WORK REQUEST: Any picture in the data below should be skipped, while every line is repeated exactly.

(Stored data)
= Beginning of Section =
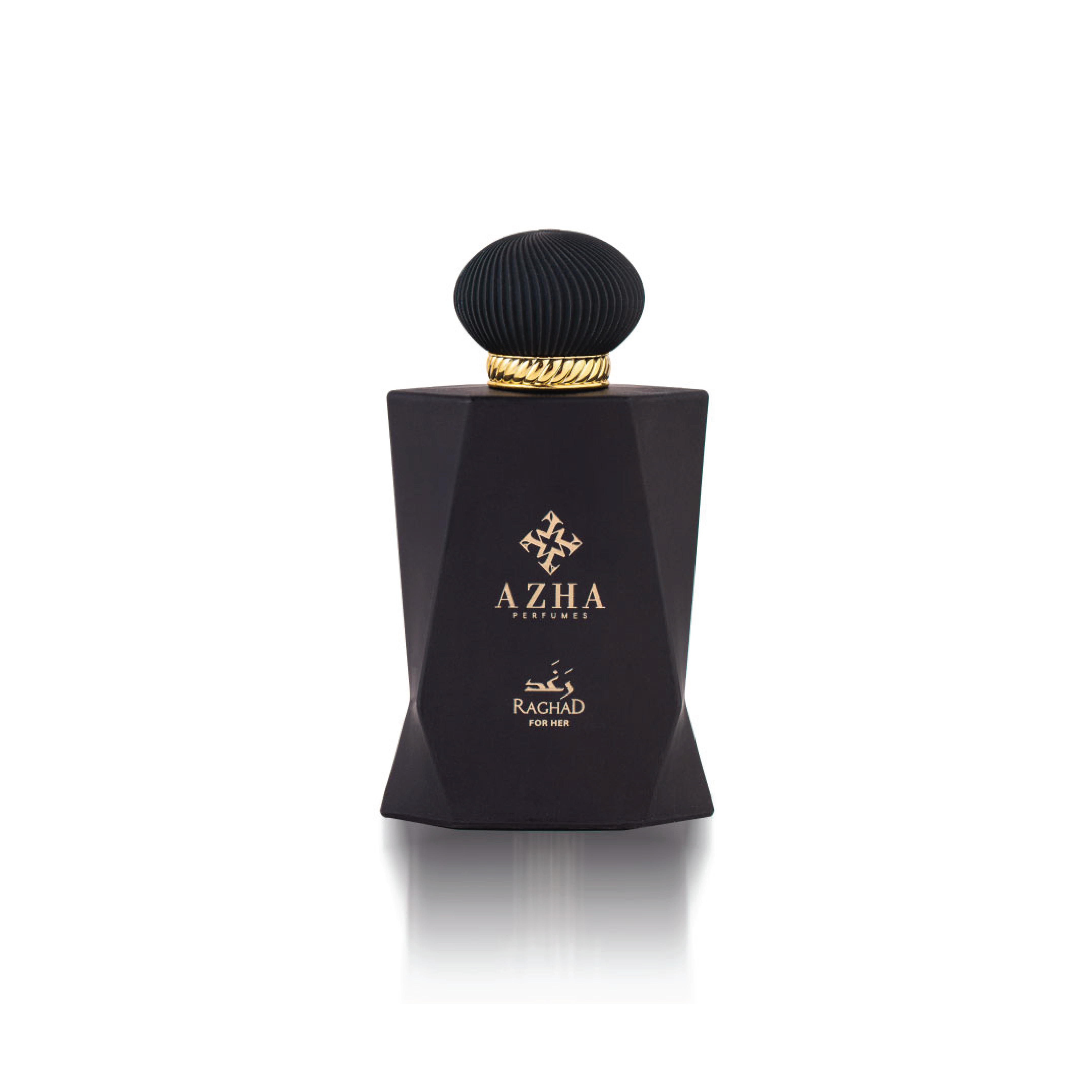 Raghad EDP 100 ml voor haar
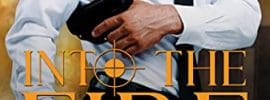 Into the Fire: A Limited Edition Collection Romantic Suspense Anthology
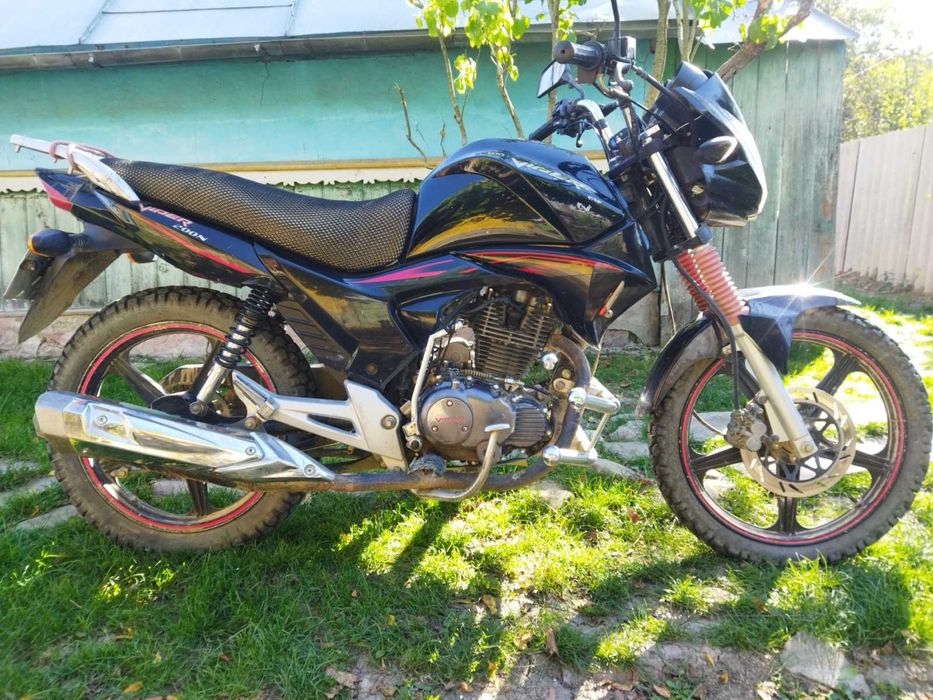 Продам Viper 2016 рік стан ВІДМІННИЙ!!!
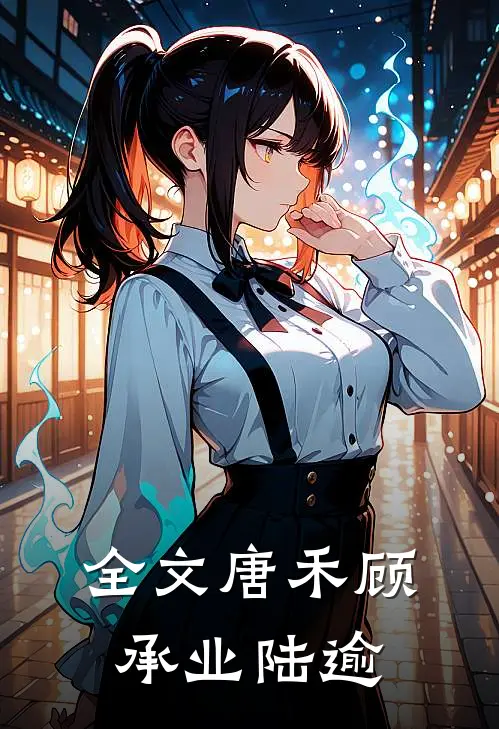全文唐禾顾承业陆逾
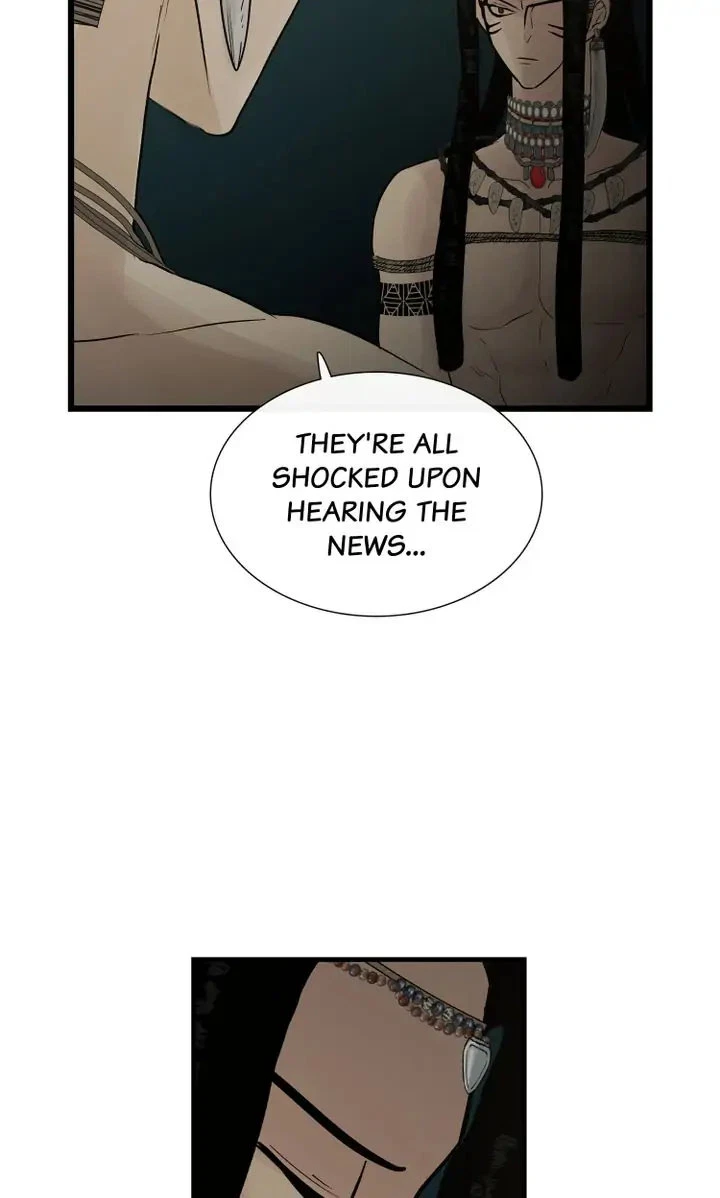 Totem's Realm Chapter 70, page 47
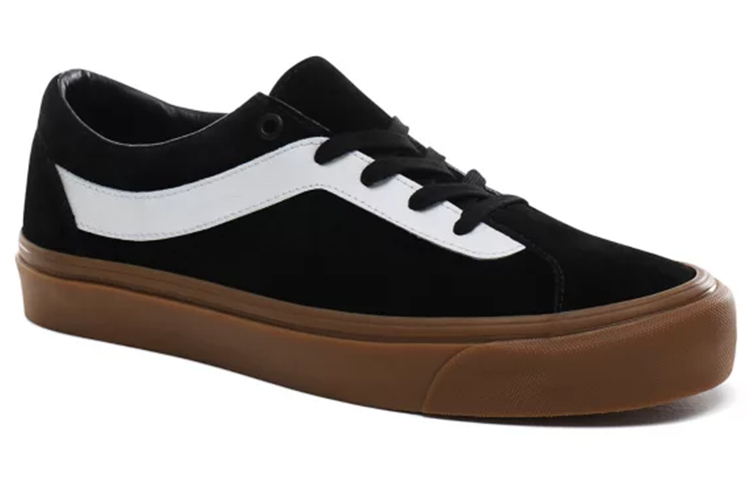 Lookbook Vans Bold Ni 'Black Gum' VN0A3WLPLF9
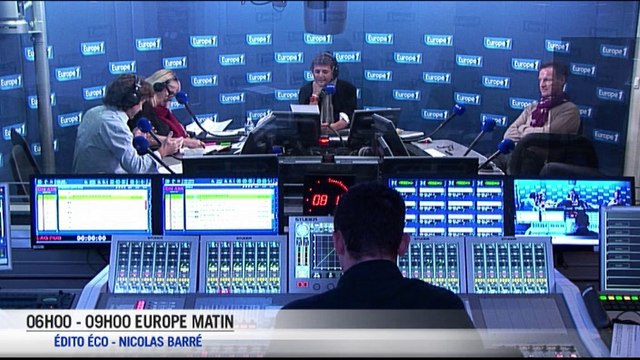 Manuel Valls : la difficile opération séduction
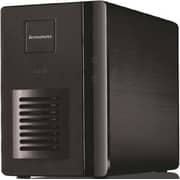 Lenovo Iomega 70A69001EA IX2 Network Storage 4TB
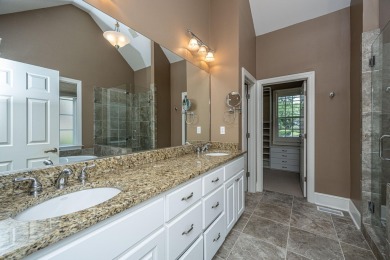 Welcome to this amazing 5bd/4.5ba home overlooking the 12th on Coosaw Creek Country Club in South Carolina - for sale on GolfHomes.com, golf home, golf lot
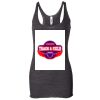 Bella Women's Triblend Racerback Tank Thumbnail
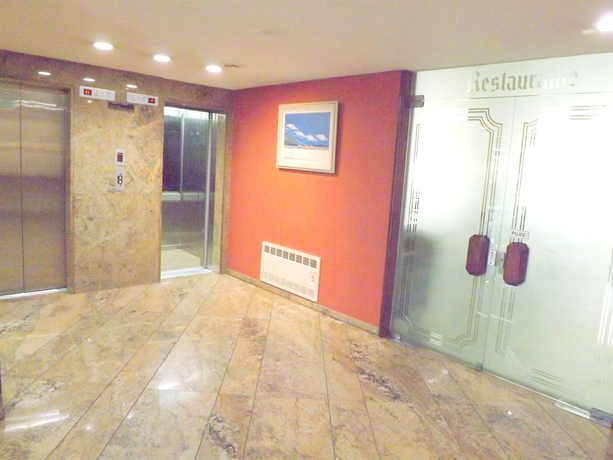 Imagen de los interiores del Hotel Duomo Park. Foto 12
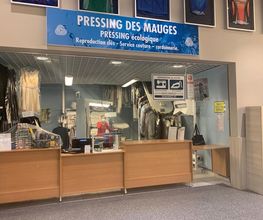 Pressing et Couture image 1
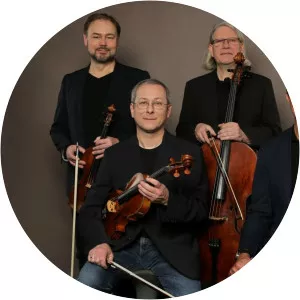 Leipzig String Quartet - Musical quartet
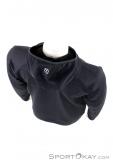 Ortovox Fleece Melange Hoody Mens Sweater, , Black, , Male, 0016-10737, 5637622746, , N4-14.jpg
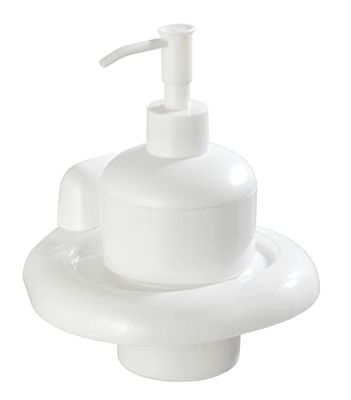 Wenko - 17944100 - Distributeur de Savon - Pure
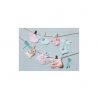 Zapf Baby Annabell - Sosete 2 perechi diverse modele 43cm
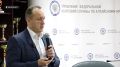 Трижды покоривший космос Александр Мисуркин встретился с барнаульцами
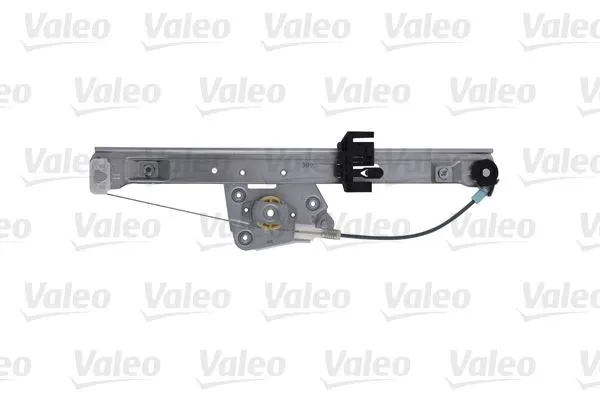 CAN KRİKOSU MEKANİZMASI VALEO 850927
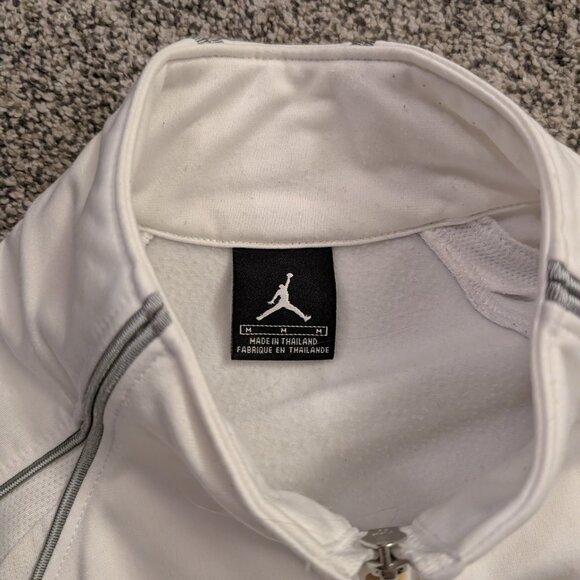 Men's Jordan Jacket - Y2K Retro - Picture 2 of 3
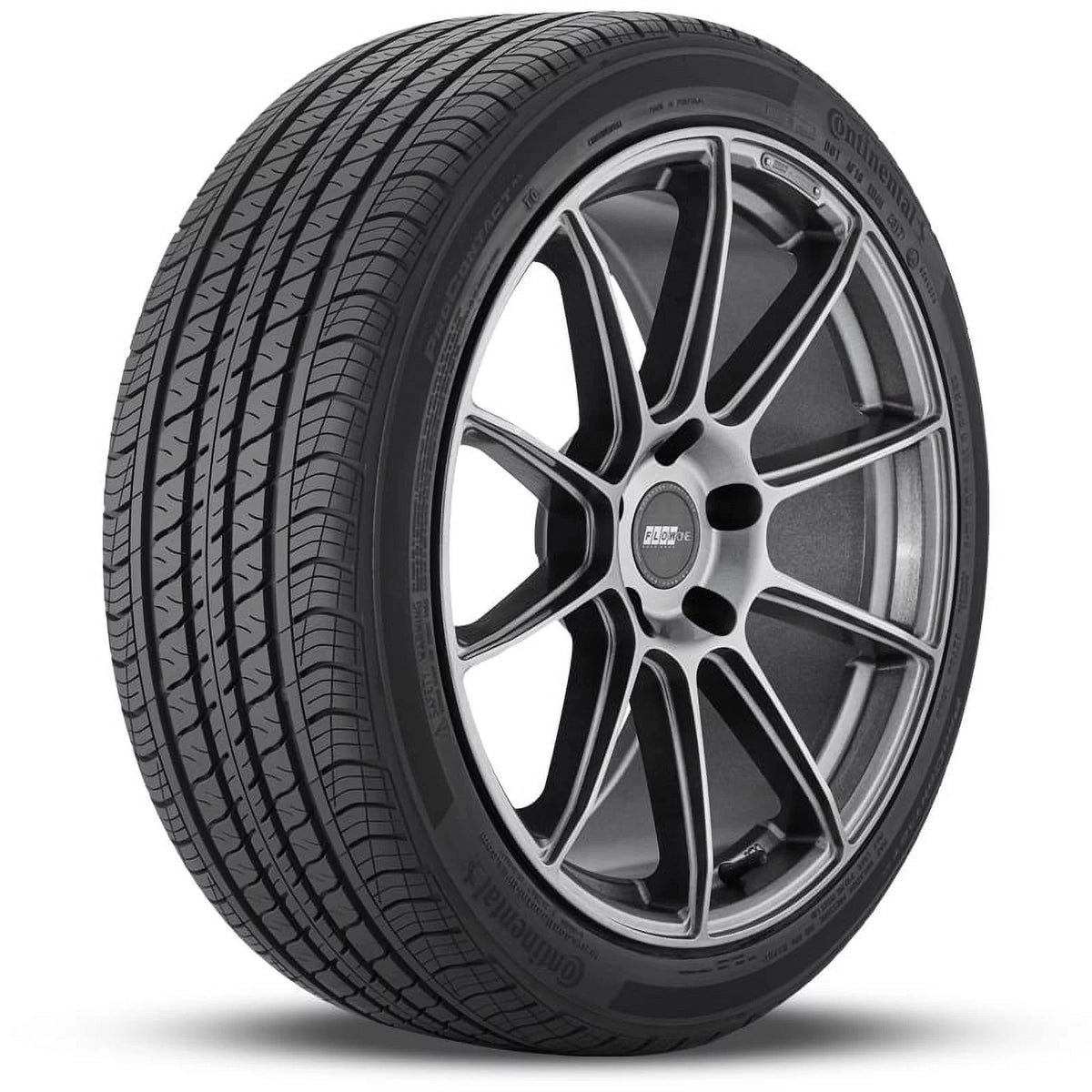 All Season 235/40R19 96W XL Passenger Tire X28354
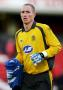 Christopher Edmund "Chris" Kirkland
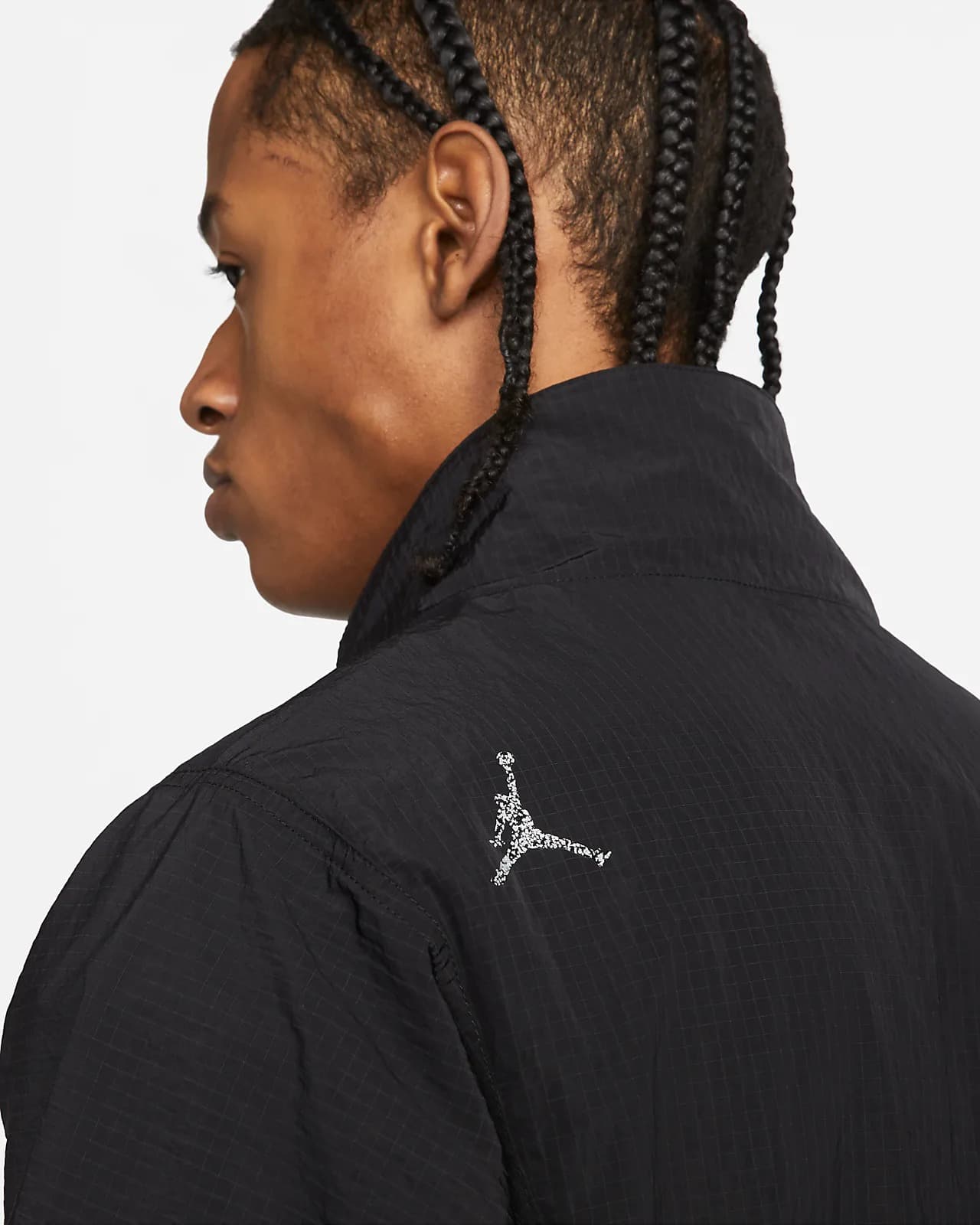 ВЕТРОВКА JORDAN M J 23ENG STMT TRACK JKT (DJ0255-010)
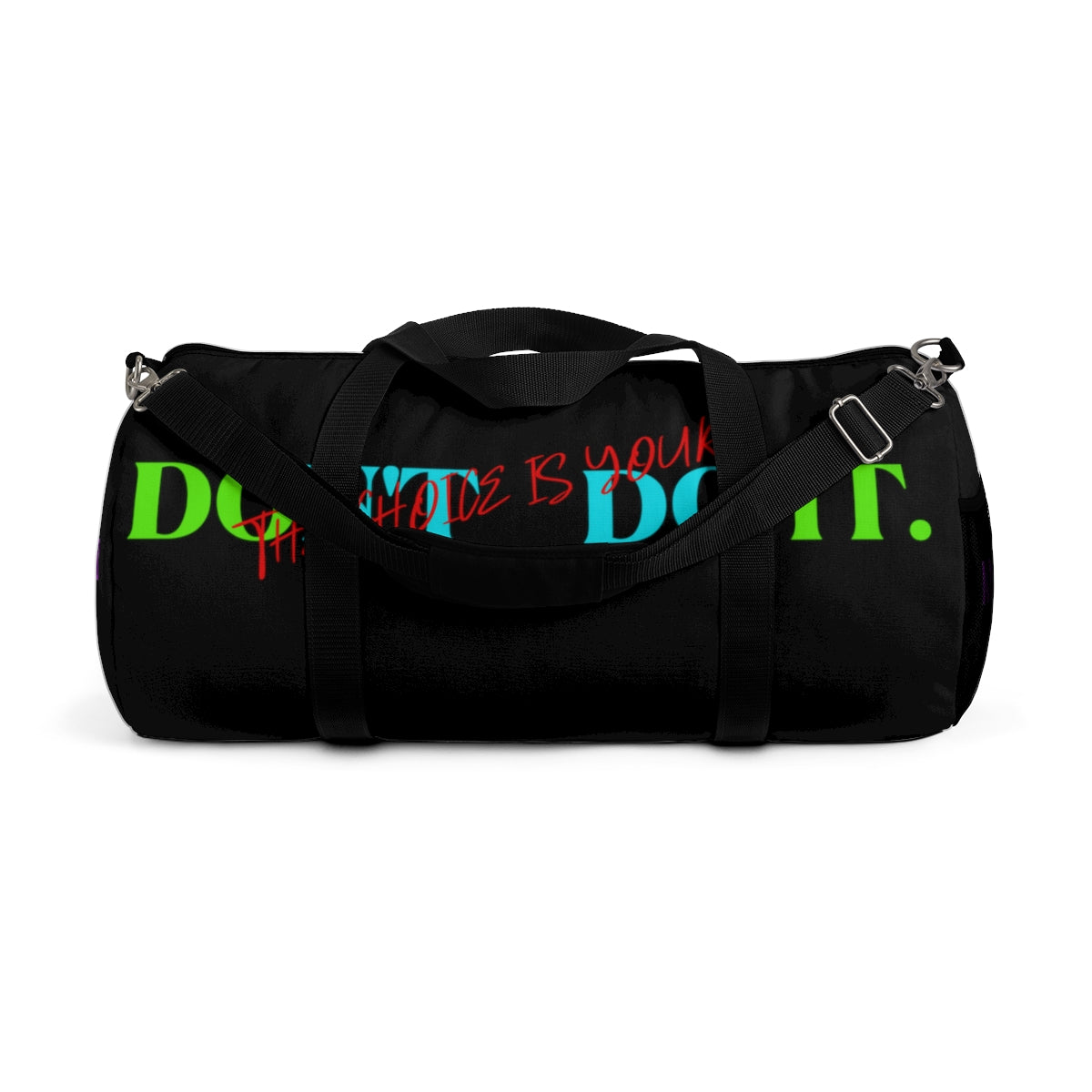 Sports Bag (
= End of Section =
ANSWER TO THIS TASK:
 Raghad EDP 100 ml voor haar
 Into the Fire: A Limited Edition Collection Romantic Suspense Anthology
 Продам Viper 2016 рік стан ВІДМІННИЙ!!!
全文唐禾顾承业陆逾
 Totem's Realm Chapter 70, page 47
 Lookbook Vans Bold Ni 'Black Gum' VN0A3WLPLF9
 Manuel Valls : la difficile opération séduction
 Lenovo Iomega 70A69001EA IX2 Network Storage 4TB
 Welcome to this amazing 5bd/4.5ba home overlooking the 12th on Coosaw Creek Country Club in South Carolina - for sale on GolfHomes.com, golf home, golf lot
 Bella Women's Triblend Racerback Tank Thumbnail
 Imagen de los interiores del Hotel Duomo Park. Foto 12
 Pressing et Couture image 1
 Leipzig String Quartet - Musical quartet
 Ortovox Fleece Melange Hoody Mens Sweater, , Black, , Male, 0016-10737, 5637622746, , N4-14.jpg
 Wenko - 17944100 - Distributeur de Savon - Pure
 Zapf Baby Annabell - Sosete 2 perechi diverse modele 43cm
 Трижды покоривший космос Александр Мисуркин встретился с барнаульцами
 CAN KRİKOSU MEKANİZMASI VALEO 850927
 Men's Jordan Jacket - Y2K Retro - Picture 2 of 3
 All Season 235/40R19 96W XL Passenger Tire X28354
 Christopher Edmund "Chris" Kirkland
 ВЕТРОВКА JORDAN M J 23ENG STMT TRACK JKT (DJ0255-010)
 Sports Bag (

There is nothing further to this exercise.